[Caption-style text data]

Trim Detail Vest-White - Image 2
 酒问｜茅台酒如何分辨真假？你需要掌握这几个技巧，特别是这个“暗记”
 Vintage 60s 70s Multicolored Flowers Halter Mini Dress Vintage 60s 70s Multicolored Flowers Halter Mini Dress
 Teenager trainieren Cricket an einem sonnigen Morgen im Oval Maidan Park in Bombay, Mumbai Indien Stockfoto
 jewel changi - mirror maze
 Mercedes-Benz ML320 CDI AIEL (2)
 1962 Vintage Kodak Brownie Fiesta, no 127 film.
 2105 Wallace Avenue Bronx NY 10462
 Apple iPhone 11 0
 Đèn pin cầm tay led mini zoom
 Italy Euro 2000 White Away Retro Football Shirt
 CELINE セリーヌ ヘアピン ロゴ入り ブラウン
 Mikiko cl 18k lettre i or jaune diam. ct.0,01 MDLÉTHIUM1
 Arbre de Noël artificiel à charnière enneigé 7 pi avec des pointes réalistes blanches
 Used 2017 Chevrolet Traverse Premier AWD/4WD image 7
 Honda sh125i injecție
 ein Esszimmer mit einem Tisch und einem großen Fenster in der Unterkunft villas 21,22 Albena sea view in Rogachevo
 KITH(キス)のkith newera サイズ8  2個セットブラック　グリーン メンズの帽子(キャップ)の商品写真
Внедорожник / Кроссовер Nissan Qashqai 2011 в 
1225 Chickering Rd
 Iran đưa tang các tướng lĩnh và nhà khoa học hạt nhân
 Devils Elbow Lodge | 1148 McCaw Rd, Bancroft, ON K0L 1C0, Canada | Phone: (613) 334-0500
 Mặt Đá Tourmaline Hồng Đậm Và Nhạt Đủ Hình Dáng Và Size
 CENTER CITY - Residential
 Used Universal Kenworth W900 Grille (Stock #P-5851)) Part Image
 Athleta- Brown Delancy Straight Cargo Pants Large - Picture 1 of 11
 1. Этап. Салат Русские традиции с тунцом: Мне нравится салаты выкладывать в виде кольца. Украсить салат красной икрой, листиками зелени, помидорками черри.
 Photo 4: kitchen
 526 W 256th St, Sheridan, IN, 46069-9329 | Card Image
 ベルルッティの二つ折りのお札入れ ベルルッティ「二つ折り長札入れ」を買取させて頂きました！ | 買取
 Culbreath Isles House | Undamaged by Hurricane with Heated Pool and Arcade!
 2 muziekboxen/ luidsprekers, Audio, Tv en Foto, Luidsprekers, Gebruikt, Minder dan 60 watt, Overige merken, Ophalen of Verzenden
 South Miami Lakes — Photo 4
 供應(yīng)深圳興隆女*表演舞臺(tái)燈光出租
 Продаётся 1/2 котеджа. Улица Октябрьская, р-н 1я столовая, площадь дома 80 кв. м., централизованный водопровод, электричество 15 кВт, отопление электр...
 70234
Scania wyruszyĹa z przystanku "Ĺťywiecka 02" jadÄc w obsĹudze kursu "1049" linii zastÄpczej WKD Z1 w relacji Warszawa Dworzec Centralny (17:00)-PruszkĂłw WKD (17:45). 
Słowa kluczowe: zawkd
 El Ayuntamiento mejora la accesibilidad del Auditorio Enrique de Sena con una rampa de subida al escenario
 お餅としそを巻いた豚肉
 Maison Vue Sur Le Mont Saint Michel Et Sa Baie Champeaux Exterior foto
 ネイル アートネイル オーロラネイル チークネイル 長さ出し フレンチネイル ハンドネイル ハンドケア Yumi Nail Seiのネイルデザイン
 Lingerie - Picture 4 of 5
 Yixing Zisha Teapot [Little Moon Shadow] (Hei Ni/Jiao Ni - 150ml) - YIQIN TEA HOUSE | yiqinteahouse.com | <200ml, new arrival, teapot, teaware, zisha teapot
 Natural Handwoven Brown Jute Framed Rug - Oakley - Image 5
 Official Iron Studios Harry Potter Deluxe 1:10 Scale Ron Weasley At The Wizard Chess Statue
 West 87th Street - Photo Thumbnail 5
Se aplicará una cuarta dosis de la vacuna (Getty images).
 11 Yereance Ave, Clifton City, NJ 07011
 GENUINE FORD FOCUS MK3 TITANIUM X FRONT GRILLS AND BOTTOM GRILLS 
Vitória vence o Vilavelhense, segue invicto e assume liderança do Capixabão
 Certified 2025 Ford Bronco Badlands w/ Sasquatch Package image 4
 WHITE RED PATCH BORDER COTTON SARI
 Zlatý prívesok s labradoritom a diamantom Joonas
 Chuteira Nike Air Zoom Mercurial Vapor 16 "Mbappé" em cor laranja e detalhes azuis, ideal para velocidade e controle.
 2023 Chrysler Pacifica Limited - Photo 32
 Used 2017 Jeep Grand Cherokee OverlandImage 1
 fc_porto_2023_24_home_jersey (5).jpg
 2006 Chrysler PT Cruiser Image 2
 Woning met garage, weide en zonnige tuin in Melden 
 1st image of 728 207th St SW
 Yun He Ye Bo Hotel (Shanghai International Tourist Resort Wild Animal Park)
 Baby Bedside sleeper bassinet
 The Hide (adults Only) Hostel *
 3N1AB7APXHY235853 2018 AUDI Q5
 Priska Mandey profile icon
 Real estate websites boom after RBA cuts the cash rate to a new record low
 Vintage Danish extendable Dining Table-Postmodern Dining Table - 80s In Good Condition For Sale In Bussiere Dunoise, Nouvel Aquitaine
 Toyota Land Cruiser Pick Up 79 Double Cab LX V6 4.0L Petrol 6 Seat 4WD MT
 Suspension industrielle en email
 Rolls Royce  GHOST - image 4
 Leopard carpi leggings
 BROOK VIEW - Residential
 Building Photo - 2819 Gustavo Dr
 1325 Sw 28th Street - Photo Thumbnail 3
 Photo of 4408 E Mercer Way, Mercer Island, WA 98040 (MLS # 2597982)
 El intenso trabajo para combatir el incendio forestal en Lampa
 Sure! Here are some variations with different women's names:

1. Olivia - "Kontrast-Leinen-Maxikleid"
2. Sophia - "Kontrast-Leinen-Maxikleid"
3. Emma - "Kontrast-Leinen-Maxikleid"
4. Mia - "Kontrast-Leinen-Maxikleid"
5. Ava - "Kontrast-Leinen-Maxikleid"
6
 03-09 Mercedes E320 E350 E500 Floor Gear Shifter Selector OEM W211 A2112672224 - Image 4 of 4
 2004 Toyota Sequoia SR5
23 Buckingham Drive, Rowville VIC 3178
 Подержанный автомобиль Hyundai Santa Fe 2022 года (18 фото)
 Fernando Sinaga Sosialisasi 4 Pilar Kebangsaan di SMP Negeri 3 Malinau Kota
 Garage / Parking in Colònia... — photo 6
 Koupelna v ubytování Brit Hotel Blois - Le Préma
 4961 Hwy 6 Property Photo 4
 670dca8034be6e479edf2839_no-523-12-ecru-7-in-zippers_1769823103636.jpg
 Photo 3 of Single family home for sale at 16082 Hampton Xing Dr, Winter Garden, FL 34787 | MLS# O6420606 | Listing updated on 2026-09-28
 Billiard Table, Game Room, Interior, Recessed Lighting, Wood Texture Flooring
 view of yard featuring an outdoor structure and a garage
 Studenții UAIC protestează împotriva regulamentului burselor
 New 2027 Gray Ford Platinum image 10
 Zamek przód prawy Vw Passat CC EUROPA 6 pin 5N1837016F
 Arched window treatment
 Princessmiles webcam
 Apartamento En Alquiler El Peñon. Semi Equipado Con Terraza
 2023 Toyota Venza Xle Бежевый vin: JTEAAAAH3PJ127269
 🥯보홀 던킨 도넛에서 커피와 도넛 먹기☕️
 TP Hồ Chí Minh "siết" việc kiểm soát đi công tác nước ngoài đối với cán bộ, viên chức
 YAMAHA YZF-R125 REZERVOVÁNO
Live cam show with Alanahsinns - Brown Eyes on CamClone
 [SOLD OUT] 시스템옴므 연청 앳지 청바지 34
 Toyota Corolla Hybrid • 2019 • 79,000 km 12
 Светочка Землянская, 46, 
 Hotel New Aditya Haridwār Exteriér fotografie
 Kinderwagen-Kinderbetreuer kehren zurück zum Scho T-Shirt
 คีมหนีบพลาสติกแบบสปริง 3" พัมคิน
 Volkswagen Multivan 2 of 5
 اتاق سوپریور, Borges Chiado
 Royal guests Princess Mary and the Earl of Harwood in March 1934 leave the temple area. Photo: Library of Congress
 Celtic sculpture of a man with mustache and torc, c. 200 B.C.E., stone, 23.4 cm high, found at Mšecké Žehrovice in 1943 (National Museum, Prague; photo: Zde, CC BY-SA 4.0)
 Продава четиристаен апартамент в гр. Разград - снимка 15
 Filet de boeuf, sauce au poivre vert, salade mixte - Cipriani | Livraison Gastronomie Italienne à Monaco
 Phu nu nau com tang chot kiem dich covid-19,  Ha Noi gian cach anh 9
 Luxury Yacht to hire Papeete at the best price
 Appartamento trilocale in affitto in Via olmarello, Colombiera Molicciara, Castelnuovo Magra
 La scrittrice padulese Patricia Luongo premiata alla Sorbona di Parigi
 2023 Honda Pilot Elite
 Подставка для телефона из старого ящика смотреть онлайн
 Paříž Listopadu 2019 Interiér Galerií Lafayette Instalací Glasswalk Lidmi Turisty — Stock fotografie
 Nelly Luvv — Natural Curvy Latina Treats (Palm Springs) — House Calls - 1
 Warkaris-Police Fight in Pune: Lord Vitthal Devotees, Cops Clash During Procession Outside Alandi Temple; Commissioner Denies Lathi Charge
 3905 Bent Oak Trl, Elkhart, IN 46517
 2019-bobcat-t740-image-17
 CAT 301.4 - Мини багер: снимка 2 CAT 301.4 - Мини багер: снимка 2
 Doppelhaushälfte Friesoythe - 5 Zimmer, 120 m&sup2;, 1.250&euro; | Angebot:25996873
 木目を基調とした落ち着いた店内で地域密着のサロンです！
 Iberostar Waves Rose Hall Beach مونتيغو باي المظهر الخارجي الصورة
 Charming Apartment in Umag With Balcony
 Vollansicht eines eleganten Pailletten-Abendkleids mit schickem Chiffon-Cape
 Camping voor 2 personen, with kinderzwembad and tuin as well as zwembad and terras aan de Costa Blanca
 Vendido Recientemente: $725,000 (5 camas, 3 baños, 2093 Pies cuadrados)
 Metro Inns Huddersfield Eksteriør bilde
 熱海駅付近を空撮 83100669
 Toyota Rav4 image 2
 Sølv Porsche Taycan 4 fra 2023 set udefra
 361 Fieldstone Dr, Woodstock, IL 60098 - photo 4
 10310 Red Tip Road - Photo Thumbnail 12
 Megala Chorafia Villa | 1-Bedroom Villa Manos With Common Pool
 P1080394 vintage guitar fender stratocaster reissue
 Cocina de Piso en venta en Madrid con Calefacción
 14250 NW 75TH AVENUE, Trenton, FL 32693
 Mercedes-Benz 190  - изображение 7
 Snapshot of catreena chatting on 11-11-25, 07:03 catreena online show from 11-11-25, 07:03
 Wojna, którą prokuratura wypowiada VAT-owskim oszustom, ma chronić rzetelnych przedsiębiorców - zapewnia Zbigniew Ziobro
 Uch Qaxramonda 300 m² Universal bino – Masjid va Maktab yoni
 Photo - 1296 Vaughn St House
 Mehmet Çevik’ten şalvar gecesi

What this task involves:
Print exactly the lines above from the one with "South Miami Lakes — Photo 4" to the one with "Lingerie - Picture 4 of 5", including both.

Result:
 South Miami Lakes — Photo 4
 供應(yīng)深圳興隆女*表演舞臺(tái)燈光出租
 Продаётся 1/2 котеджа. Улица Октябрьская, р-н 1я столовая, площадь дома 80 кв. м., централизованный водопровод, электричество 15 кВт, отопление электр...
 70234
Scania wyruszyĹa z przystanku "Ĺťywiecka 02" jadÄc w obsĹudze kursu "1049" linii zastÄpczej WKD Z1 w relacji Warszawa Dworzec Centralny (17:00)-PruszkĂłw WKD (17:45). 
Słowa kluczowe: zawkd
 El Ayuntamiento mejora la accesibilidad del Auditorio Enrique de Sena con una rampa de subida al escenario
 お餅としそを巻いた豚肉
 Maison Vue Sur Le Mont Saint Michel Et Sa Baie Champeaux Exterior foto
 ネイル アートネイル オーロラネイル チークネイル 長さ出し フレンチネイル ハンドネイル ハンドケア Yumi Nail Seiのネイルデザイン
 Lingerie - Picture 4 of 5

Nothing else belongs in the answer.